(Assignment):
Start at the line with "Fimous Aluminium Outdoor" and print every line through the end of the material below. Keep it exact and free of pictures.

----- Data shown

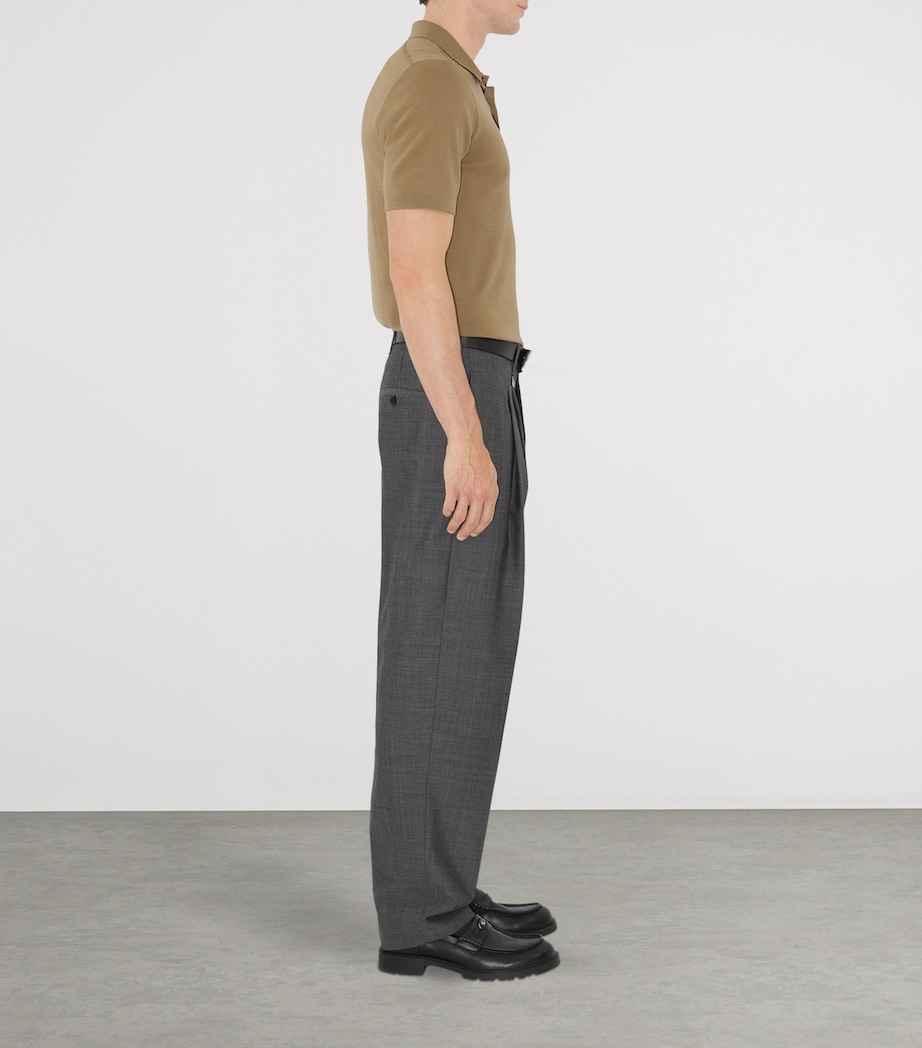 Wool Check-Detail Polo Shirt FLAX Image 3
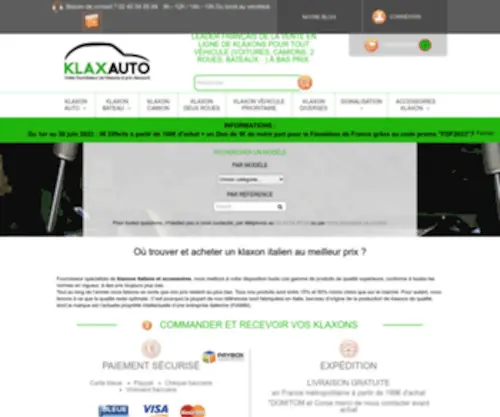 Klaxauto.com(Achat klaxon musical à prix discount) Screenshot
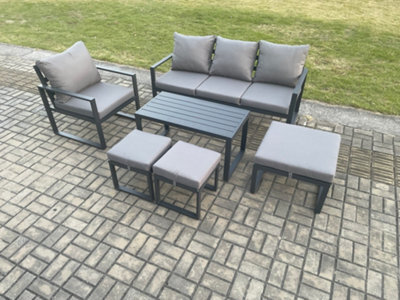 Fimous Aluminium Outdoor Garden Furniture Set Patio Lounge Sofa With Oblong Coffee Table 3 Footstools Armchair Dark Grey - image 1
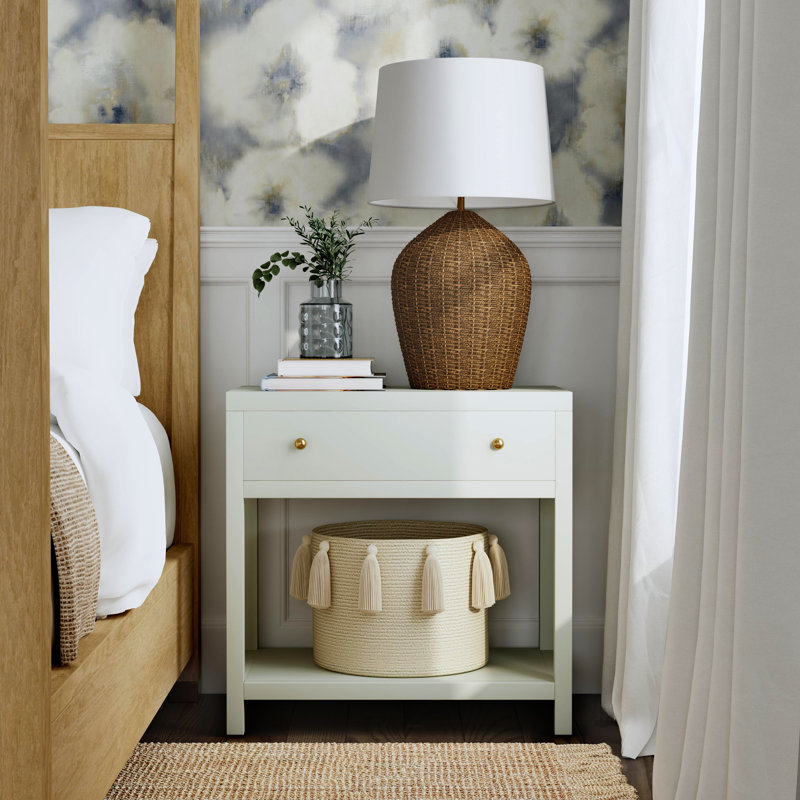 Nora 30 in. W Wood 1 Drawer Wide Nightstand with Shelf, Green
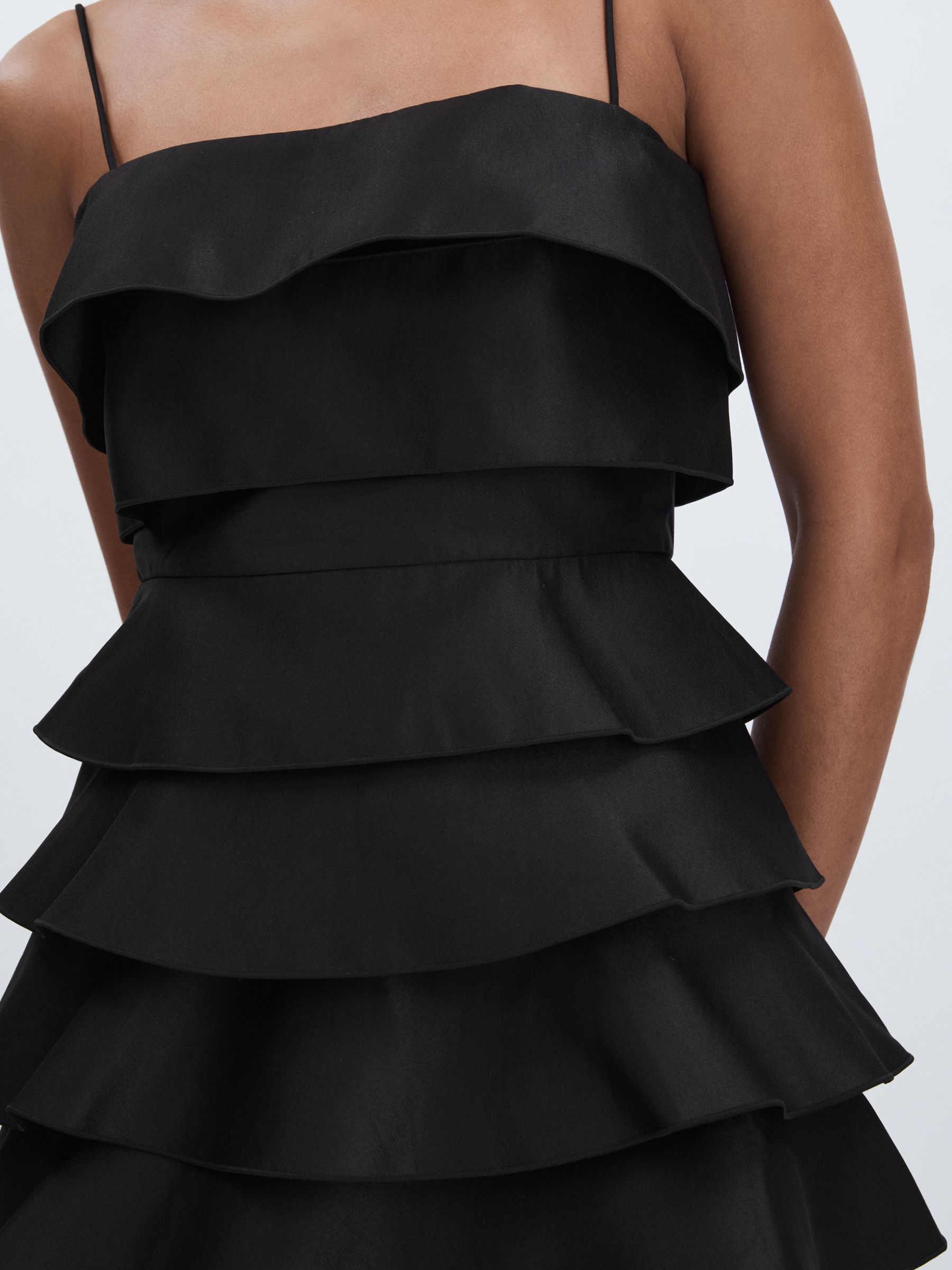Acler Tiered Frill Mini Dress in Black - Image 4 of 6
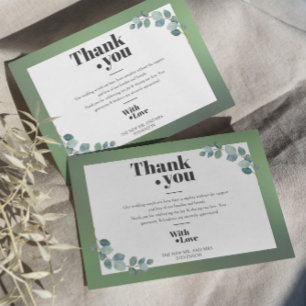 Watercolor Green Eucalyptus  Thank You Card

----------

(Reply):
 Fimous Aluminium Outdoor Garden Furniture Set Patio Lounge Sofa With Oblong Coffee Table 3 Footstools Armchair Dark Grey - image 1
 Nora 30 in. W Wood 1 Drawer Wide Nightstand with Shelf, Green
Acler Tiered Frill Mini Dress in Black - Image 4 of 6
 Watercolor Green Eucalyptus  Thank You Card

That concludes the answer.